The point is that we were making fun, as usual, of a certain episode about a journalist who was writing a column on an author of multiple “how to pick up women” sorts of books. Needless to say the interviews were already hilarious without our supplementary commentary, but I began to notice as we were jeering at the author’s method of insulting women to make them want you I had heard this principle before. Our text book called it the “demand-withdraw pattern” which we saw demonstrated in “The Tao of Steven.” I found it interesting to look at the differences in these two pop culture applications of it. In the movie we watched in class Steven says to appear disinterested, be excellent in the woman’s presence, and then retreat. This fictional writer demonstrated his technique by telling a girl walking by with a pastry, “You know, that is so awesome that you’re not at all concerned about what that doughnut’s gonna do to your hips,” and then ignoring her until she’d practically thrown herself in his arms. Obviously both of these examples are extremely exaggerated and unrealistic, but I did find it funny that the common element was the “retreat” or “withdraw” which causes greater demand.

Sunday, March 16, 2008

A Picture Worth at Least 2 Paragraphs...

I stumbled across this picture on the internet on accident and I really had to think about it. I was reminded of our recent class discussions about non-verbal communication. So much is said and understood by our visual perceptions. Things like paralanguage which can be distinguished by inflection are largely reinforced by facial expressions and posture. The same thing may be said by two people but if one of them rolls their eyes it takes on a whole different meaning.
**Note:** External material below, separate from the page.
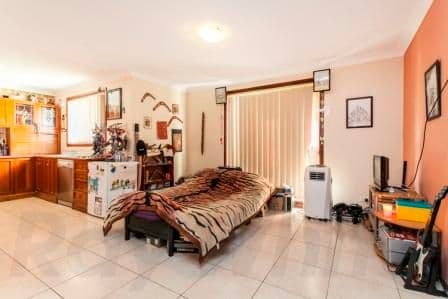 1 Cambridge Street, CAMBRIDGE PARK NSW 2747, Cambridge Park - Thumbnail 3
I suppose, in this sense, this picture doesn’t really sum up non-verbal communication quite right, as much more is taken in by the eyes than spoken by them. Perhaps it would be more appropriate for the eyes to be replaced by ears than lips. But if the Bible was correct in saying (and I would like to believe it always is) that our eyes are the windows to our souls, it follows that they can communicate a great deal about the very core of our being. I could go on, but if a picture is really worth a thousand words I don’t have the energy to arrange them all just now, so here is the picture available for your own reflections.

Saturday, March 8, 2008


Honesty is a curious thing. If lying by omission is still a lie then nearly every conversation could be considered dishonest. It is impossible to relate every single individual detail of every day to anyone in order to avoid lying by excluding truths, which is why I believe that in most cases when someone says, “I just want you to be honest with me,” what they really want is for you to be direct.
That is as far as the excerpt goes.